Even as real celebrities battle those pesky cameramen on the streets and in courts for intruding on their lives and trading on their images, some regular folks, from parents hosting teen birthday parties to Gen Xers out on the town, have decided that the attention could be fun--and worth paying up to $1,500 for. Cowher launched Celeb 4 A Day in Austin in November and is expanding to Los Angeles this month and San Francisco in February. There are similar companies, like Private Paparazzi in San Diego and Personal Paparazzi in Britain, and wannabe big shots in other places have taken matters into their own hands, hiring freelance photographers to trail them.
Josh Gamson, a sociology professor, was dragged into the spotlight to explain this curious phenomenon: "If you don't have people asking who you are, you're nobody," he explains.

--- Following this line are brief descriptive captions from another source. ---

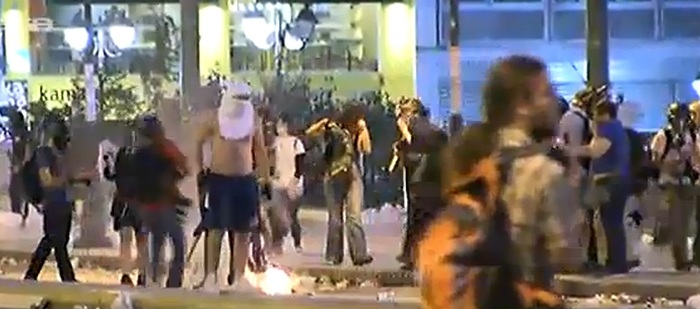 Εκτεταμένα επεισόδια στο Σύνταγμα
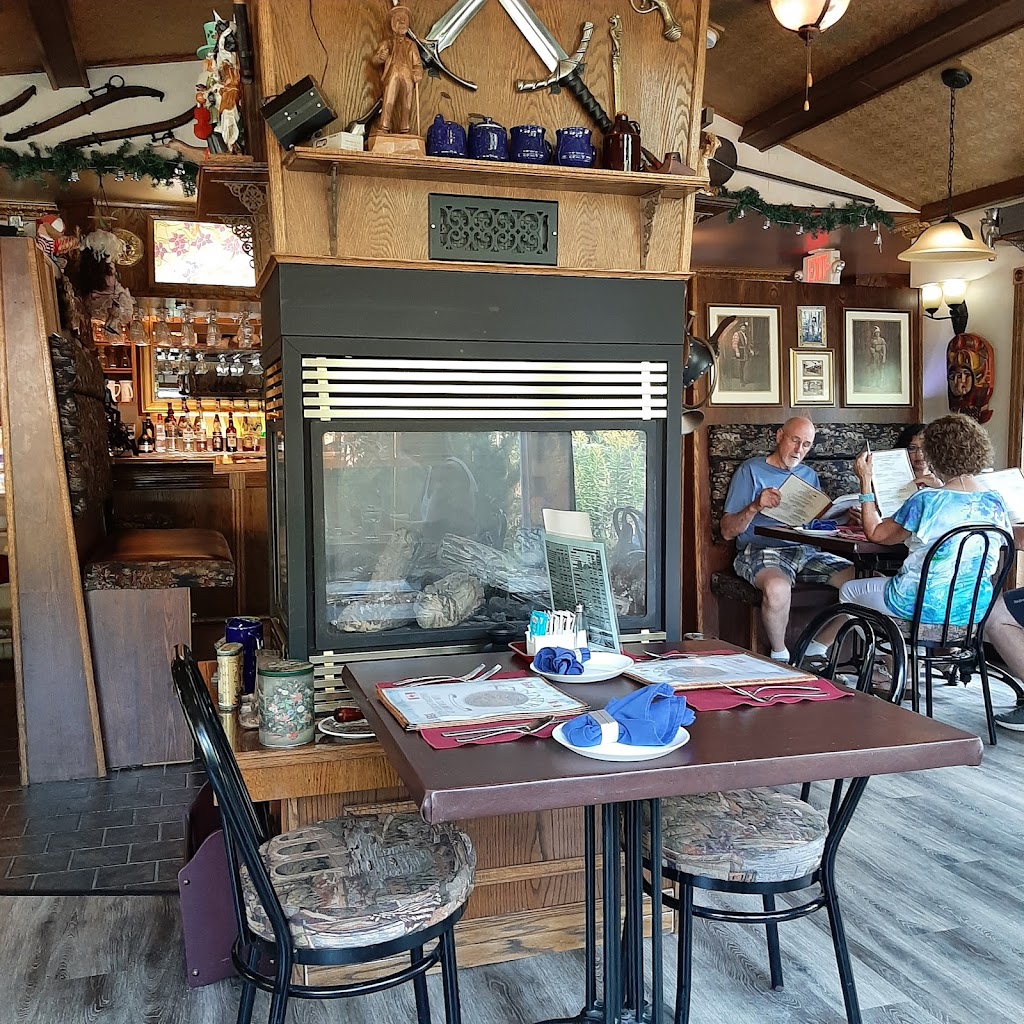 Tanners INN and Dining | 5017 Hwy 124, Magnetawan, ON P0A 1P0, Canada | Phone: (705) 387-4725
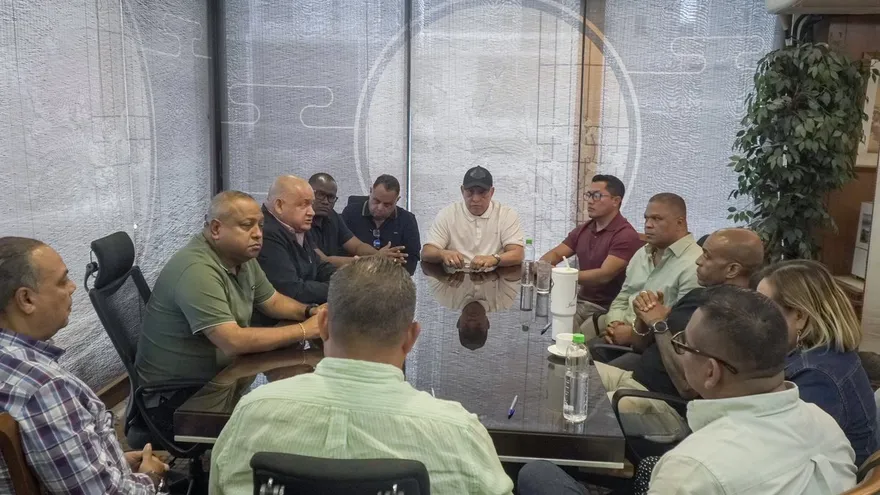Reunión de la bancada del Partido Revolucionario Democrático (PRD)
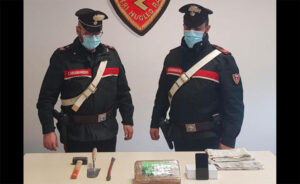 In auto con oltre un kg di cocaina, 33enne arrestato dopo inseguimento sulla SS 106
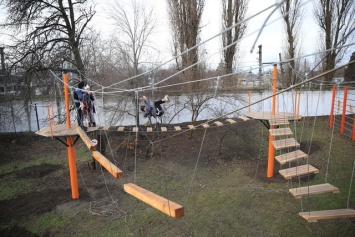 В Днепре для юных скалолазов открыли веревочный парк (фото)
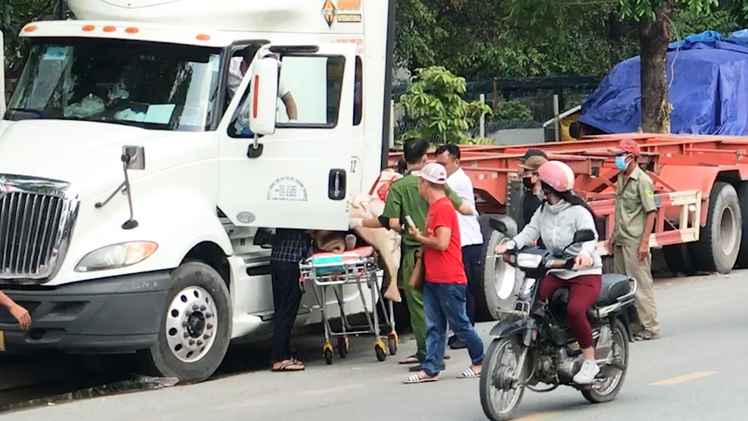 Video: Nam tài xế container chết trong cabin khi xe vẫn nổ máy, đèn vẫn chớp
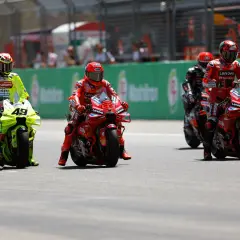 Pilotos de MotoGP en la parrilla de salida, listos para un intenso motogp test. El número 63 de Ducati destaca.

As absurd as this sounds at first, it's really no different than hiring wedding photographers. Only instead of restricting yourself to such special events, you can treat every night out with your fiends as if it were your wedding. This seems extravagant and sort of pathetic, but not entirely beyond the pale. It also, however, serves as a reminder of the seductiveness of surveillance, and why it is so difficult for stir people into protecting their rights of privacy. Former modes of social recognition have been superseded by fame, by publicity as an end in itself, and we now all accept that it's enough to be known, and it is doesn't really matter what one is known for, if there even is anything. So there is no illegitimate avenue to being famous, or reaping what are perceived to be the rewards of that. As a result, we've glamorized being watched to the point where exhibitionism no longer registers as a fetish but is instead almost a baseline norm.